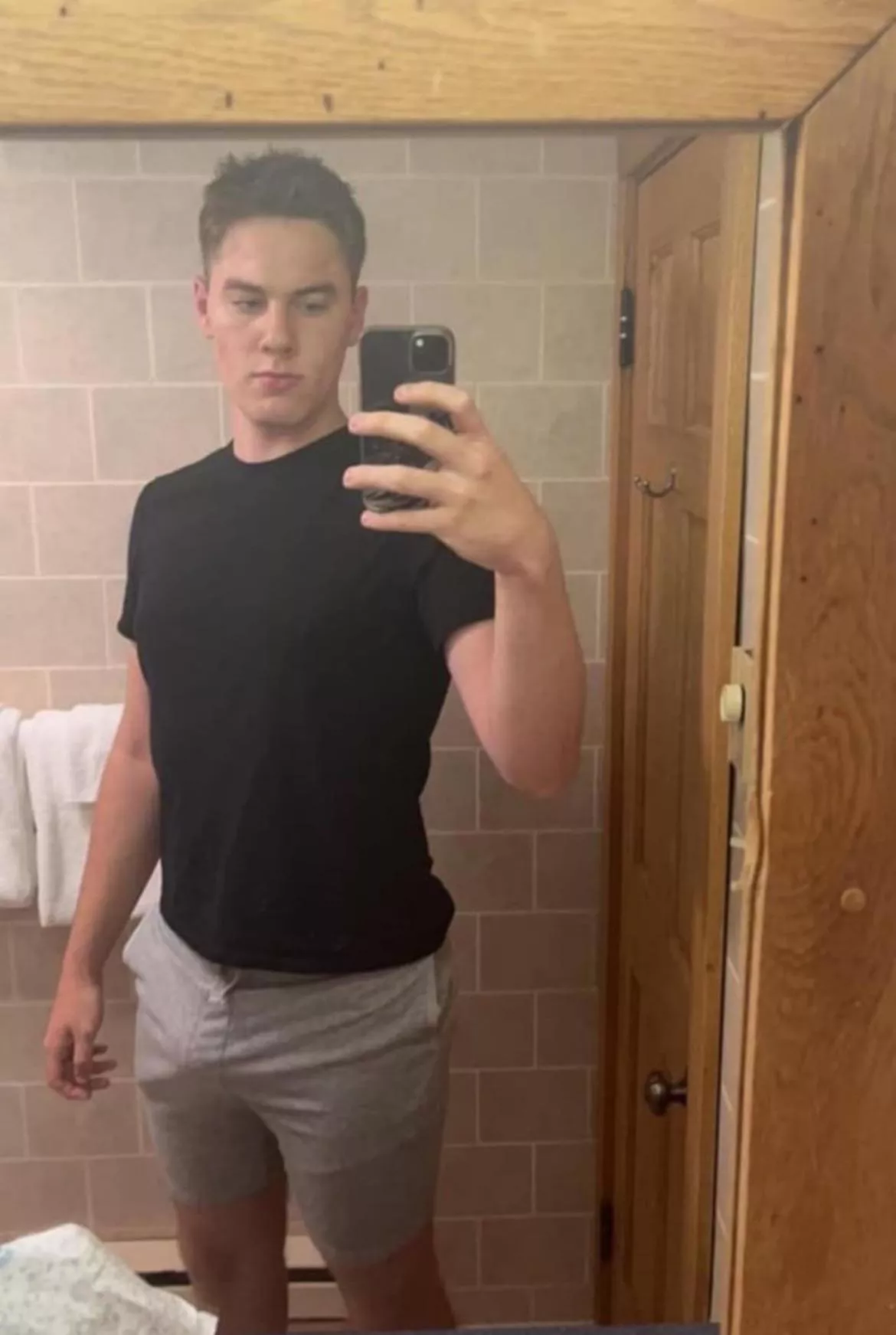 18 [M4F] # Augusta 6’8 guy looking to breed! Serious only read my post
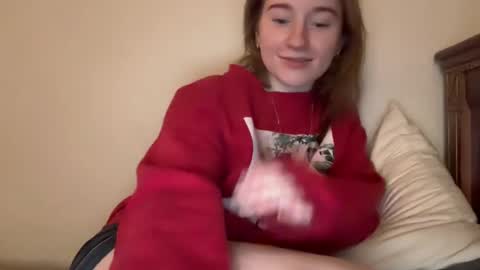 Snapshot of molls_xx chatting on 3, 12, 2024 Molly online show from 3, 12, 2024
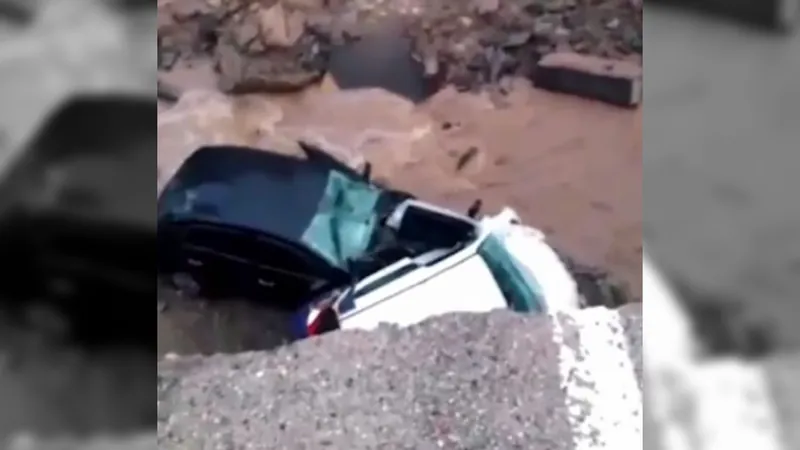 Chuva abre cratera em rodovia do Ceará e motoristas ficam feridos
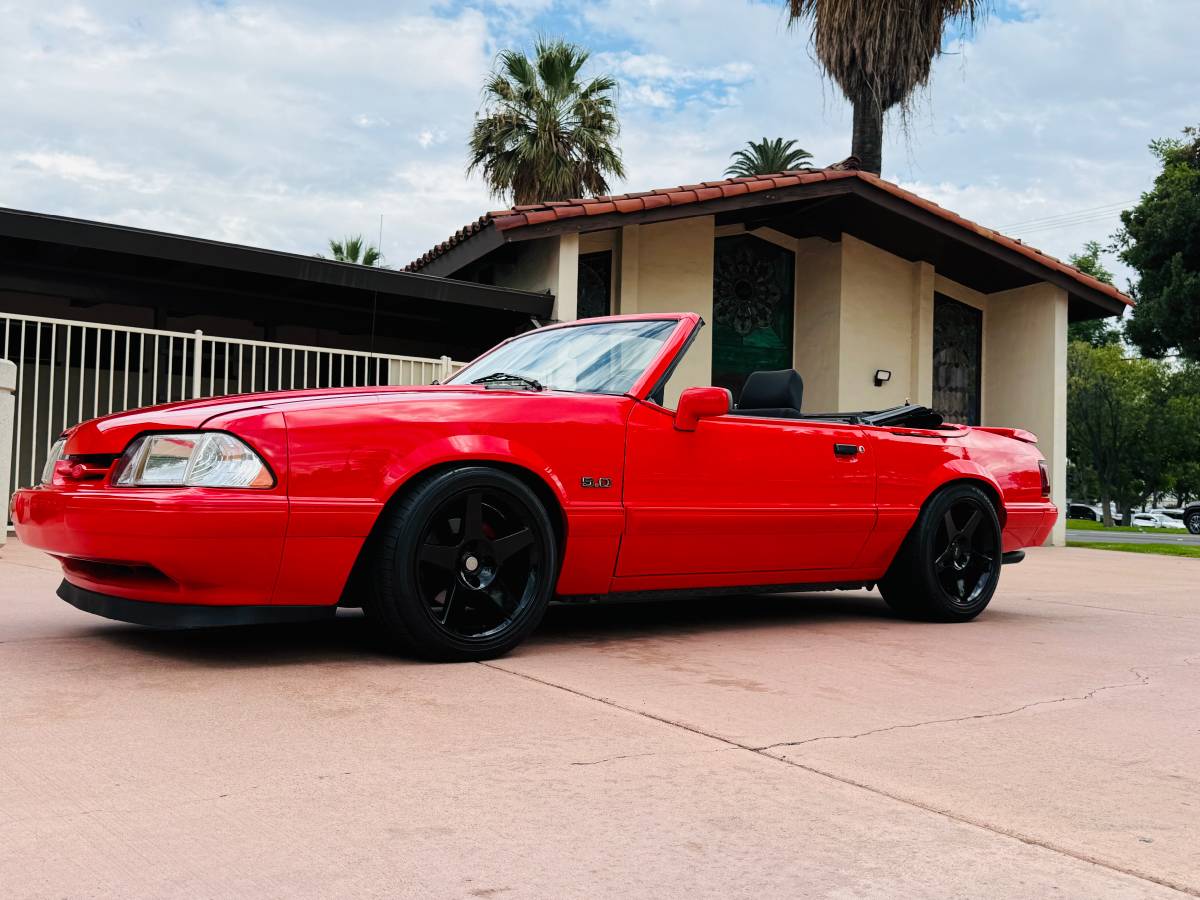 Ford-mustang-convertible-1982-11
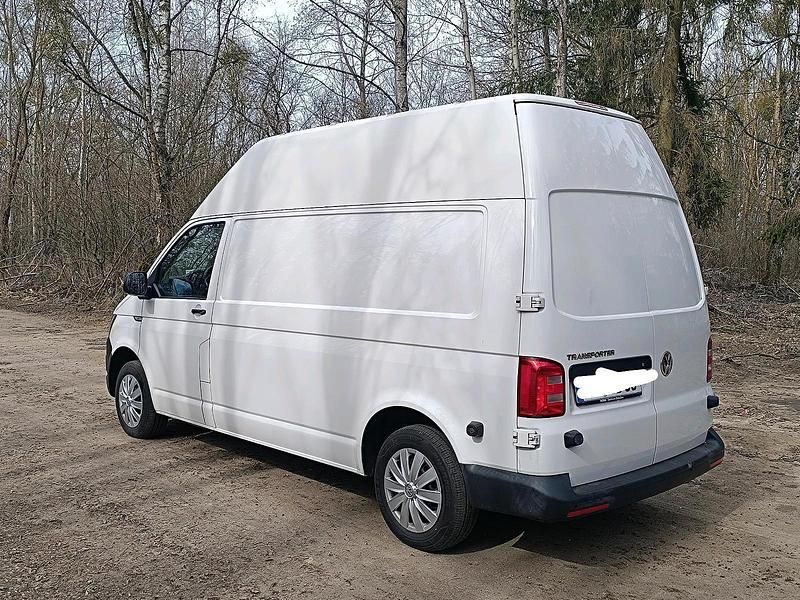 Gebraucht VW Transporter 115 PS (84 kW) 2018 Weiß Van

--

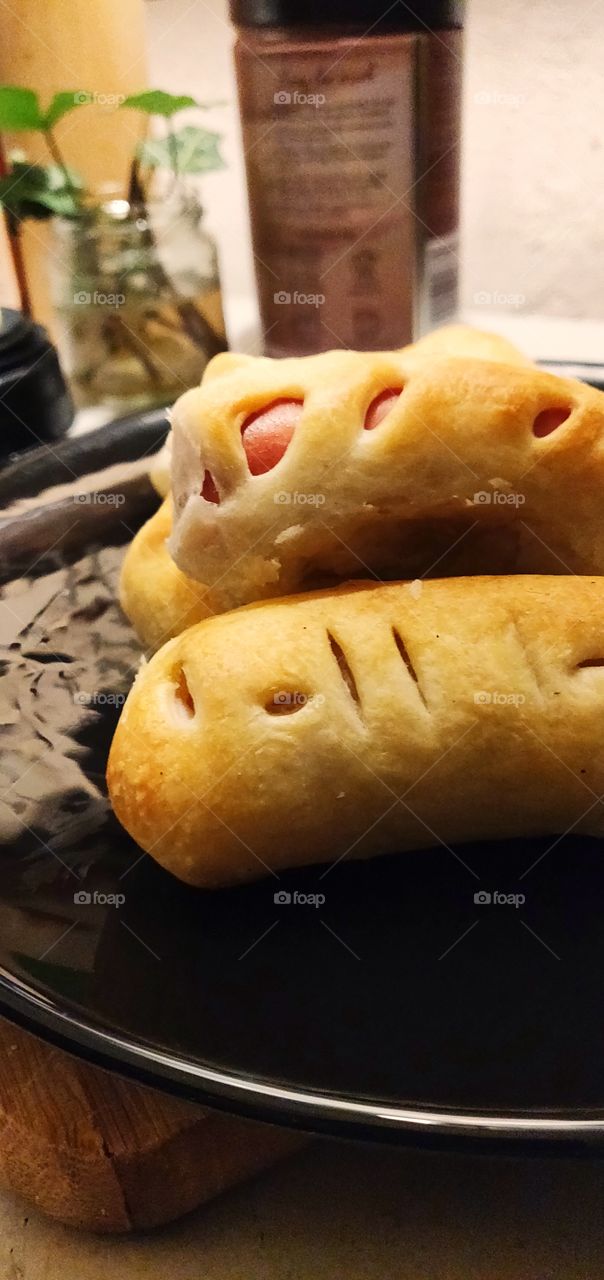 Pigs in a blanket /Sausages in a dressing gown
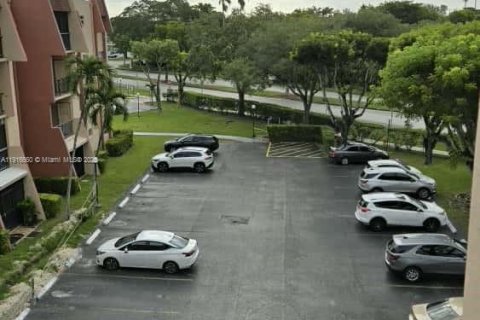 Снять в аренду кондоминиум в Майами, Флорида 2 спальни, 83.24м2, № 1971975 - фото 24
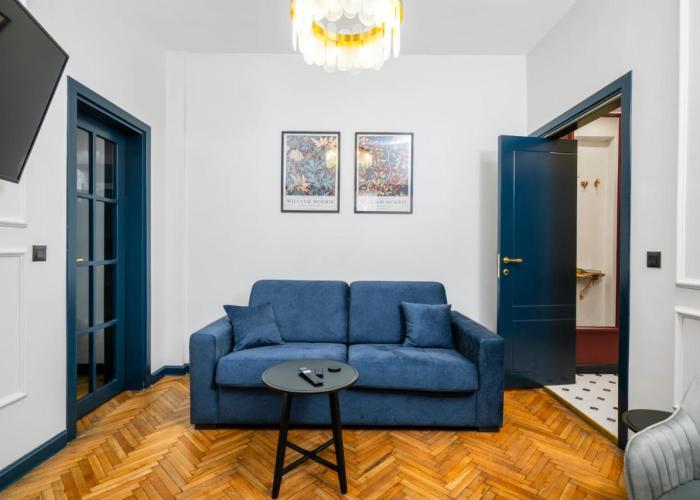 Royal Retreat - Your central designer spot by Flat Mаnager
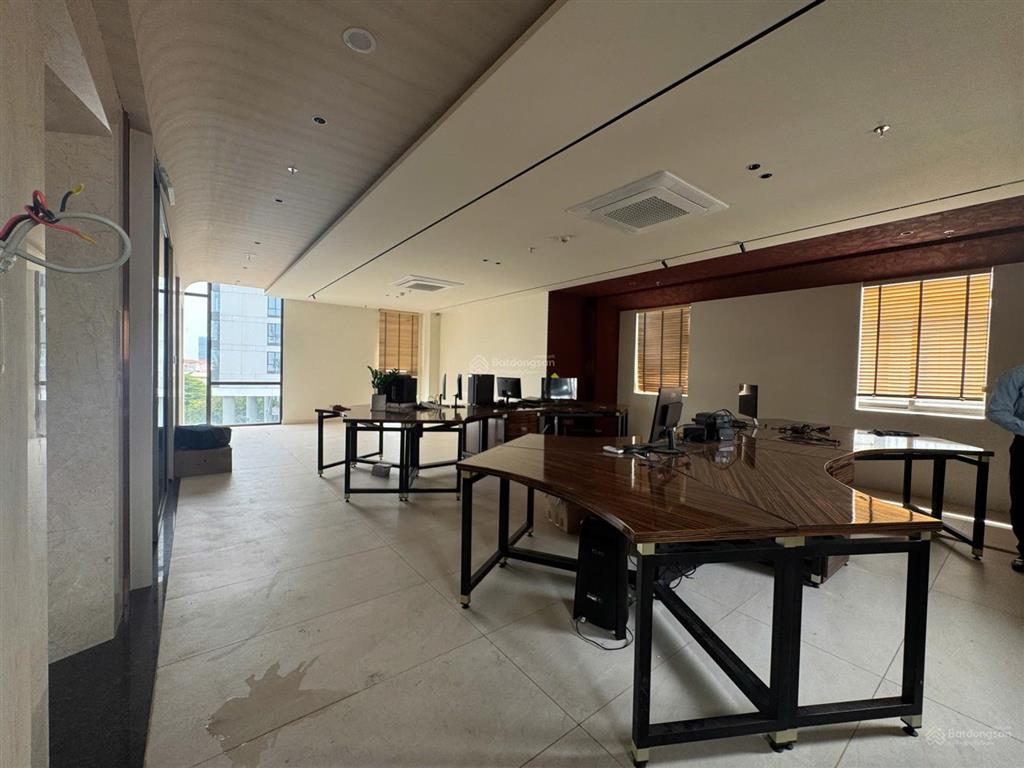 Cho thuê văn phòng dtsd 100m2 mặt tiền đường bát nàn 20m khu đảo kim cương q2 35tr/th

• Task instructions
Go back to the listing above and reproduce, exactly, the stretch from the line bearing "Snapshot of molls_xx" through the line bearing "Gebraucht VW Transporter", without its pictures.

• Output for this exercise
 Snapshot of molls_xx chatting on 3, 12, 2024 Molly online show from 3, 12, 2024
 Chuva abre cratera em rodovia do Ceará e motoristas ficam feridos
 Ford-mustang-convertible-1982-11
 Gebraucht VW Transporter 115 PS (84 kW) 2018 Weiß Van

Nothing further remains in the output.